Lenk was forced to swallow hard as it finally reached her navel, dangling off the upper lip like some silvery stalactite, quivering with each shallow breath, each tug of her taut stomach, each breath he unconsciously sent
its way, growing heavier. It glistened there, stark against the shadow of the oval-shaped depression before something happened. One of them breathed too hard, flinched too noticeably, and the bead quivered once.
Then fell.
It struck his lap with the quietest of splashes, leaving a dark stain upon the dirt of his trousers. Only when its silver ceased to sparkle did he finally blink, did he finally realise what he had just been staring at for so long.

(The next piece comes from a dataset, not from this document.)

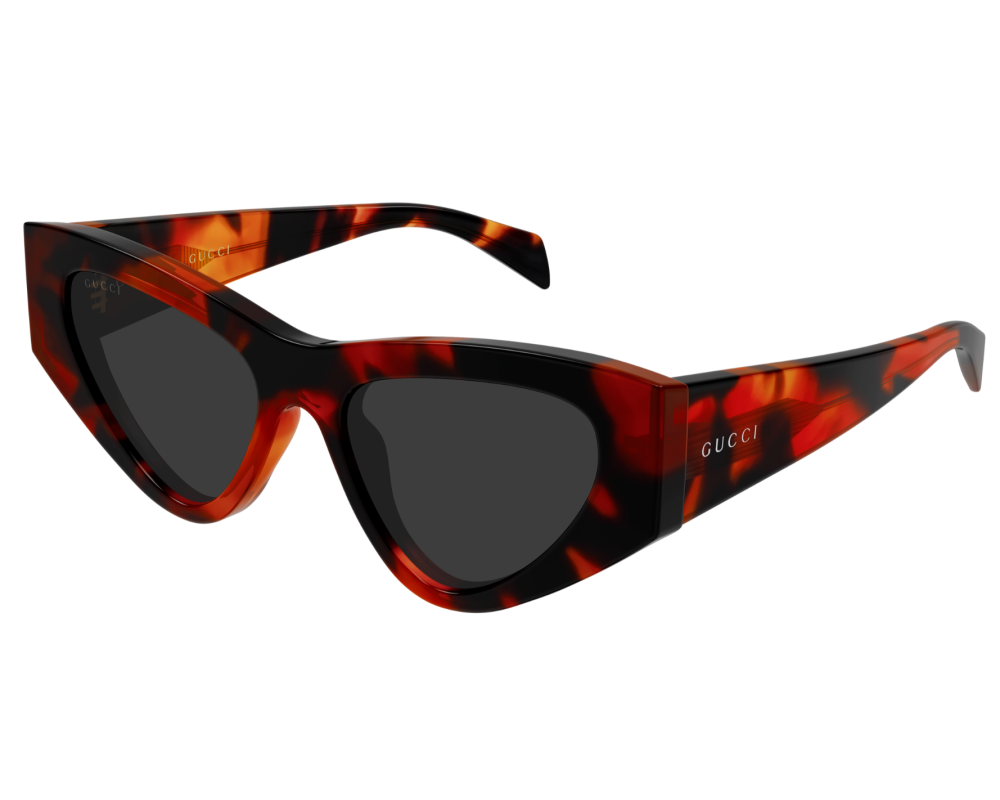 Gucci GG2019S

He stiffened, starting up with an incomprehensible grunt. His head struck something and Kataria echoed his noise, recoiling and rubbing her chin. Eyes bewildered, like a startled beast, she regarded him irately.
‘What?’ she asked.
‘What?’ he echoed in a shrill, dry crack.
She blinked. ‘I. . didn’t say anything.’ Tilting her head, her expression changed to one of concern. ‘Did I hit a nerve or something?’
‘Yeah.’ He shifted uncomfortably in his seat. ‘A nerve or something.’
She nodded silently, but offered no response. At least, he thought, no decent response. She spoke no more, did not so much as twitch as she reclined onto her haunches and stared. He cleared his throat, making a point of looking down at the deck, hoping she would lose interest in him and find something else to do.
He had been hoping that for the year he had known her.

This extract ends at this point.